The Uniflex joint has a wider field of application than the foregoing remarks might suggest. It provides, by reason of its rubber components, insulation against the transmission of noise and vibration. For that reason it has also been designed in a form which permits of angular deflections up to 15 -degrees each way. Emphasis may here be placed on the fact that the Uniflex is complementary to the well-known Hardy Spicer needle-roller mechanical universal joint, and does not displace it.

In construction the Uniflex joint is simple. Inside a steel sleeve a rubber bush is moulded and bonded around a steel hub or core. By the shape of the rubber, ample flexibility is obtained, whilst the area of its contact with the steel, to which it is bonded directly by an electrochemical process is not reduced by the use of additional securing means.

Constructional Details.

The unit is carried by an aluminium-alloy die-casting which is shrunk onto the steel sleeve surrounding the rubber, a method of fixing capable of withstanding a thrust of more than 1,000 lb. These units are assembled into two different types of joint, one especially designed as the front joint in a two-piece axle, the other for applications where a bigger angularity is required.

In the first and simpler type three bush units are combined. In each of them the arms of the die-casting, on each side of the central boss, are offset with respect to a diametric centre line. Consequently the right arm of one unit overlaps the left arm of the adjacent unit. At each end there is a boss carrying a hole parallel with the bush.
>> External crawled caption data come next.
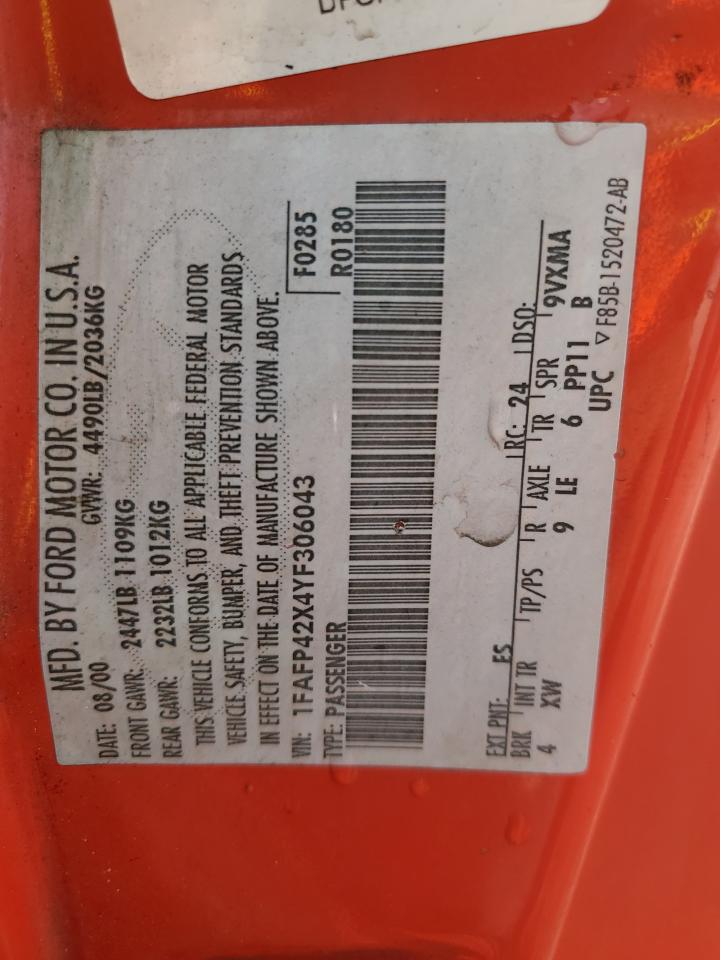 2000 Ford Mustang Gt VIN: 1FAFP42X4YF306043 Lot: 89455265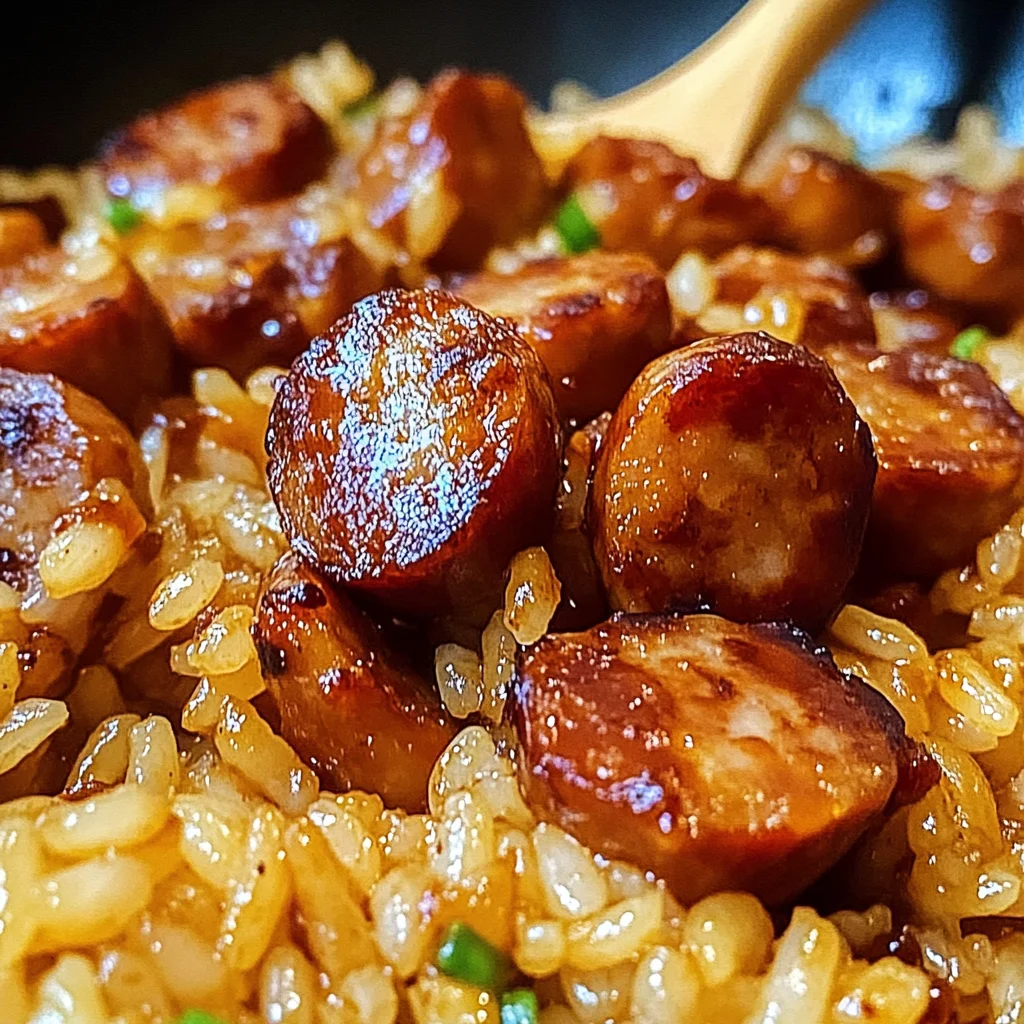 One-Pan Sweet and Tangy BBQ Sausage Rice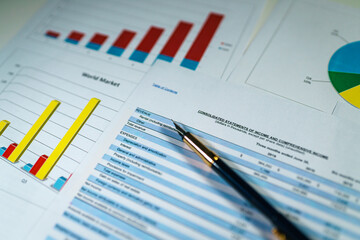 Business finance and income statement. Business composition. Financial analysis - income statement,...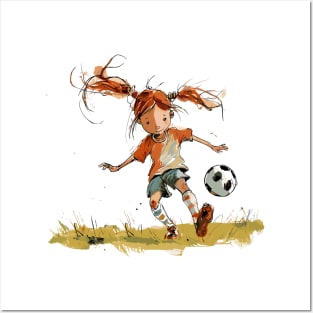 Little Girl Playing Soccer Posters and Art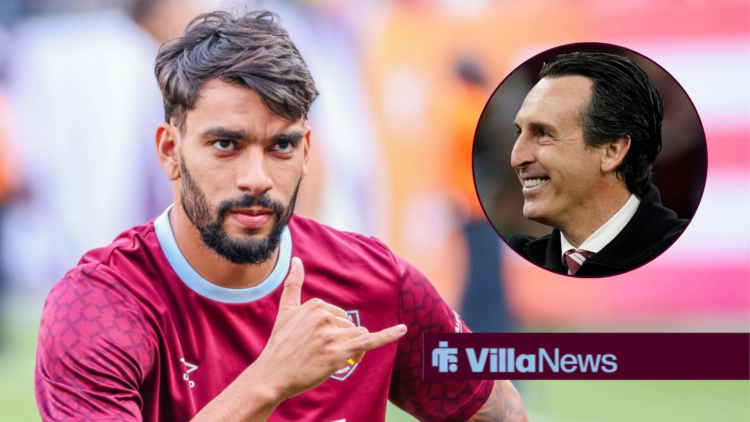 Lucas Paqueta looking happy towards a smiling image of Unai Emery in a circle inset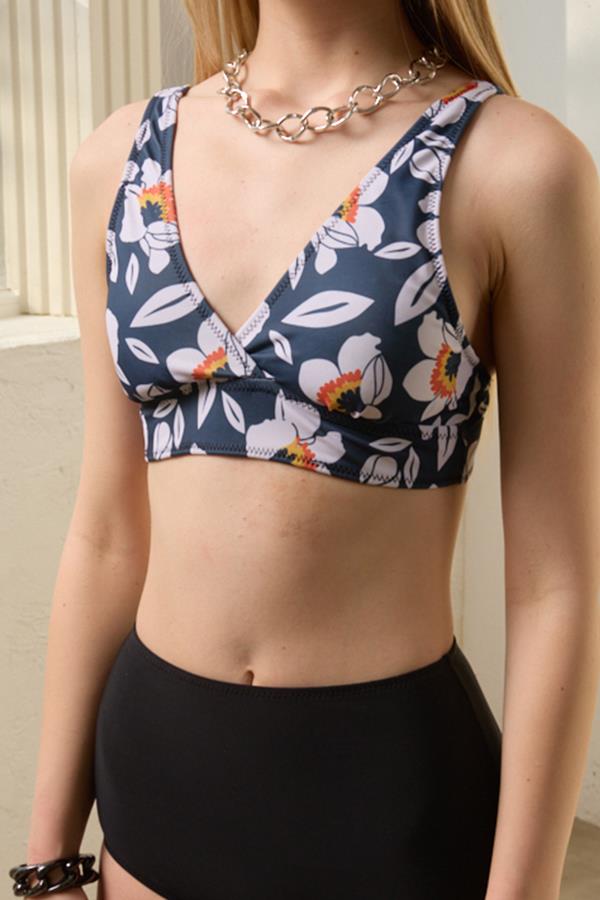 Starinci MayoBikini Üstü Kruvaze Model Toparlayıcı Orkide Siyah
The method of mounting this coupling is quite orthodox, but it should be noted that the bolts perform two purposes, namely, attaching the units to each other and the completely assembled coupling to the driving spider. A similar flange or spider, of somewhat smaller bolt-pitch-circle diameter, is secured by bolts through the rubber bushes. An advantage of this arrangement is that the greater mass of the coupling is attached to the driving member, whilst only the smaller mass is floating on the rubber bushes, Another feature is that an excellent degree of concentricity is afforded without recourse to a centring device, the use of which would immediately re-establish the all-metal contact so satisfactorily avoided by this type of coupling.

The other type of Uniflex joint employs four die castings with their rubbers and cones. Each casting has a groove formed so that the four grooves form an annular recess into which is fitted a steel ring which ,serves to locate the castings, with relation to one another, near the centre of the unit. Near the circumference they are bolted together in much the same way as in the three-unit joint, except that the bolts, in this case, are independent of the spiders.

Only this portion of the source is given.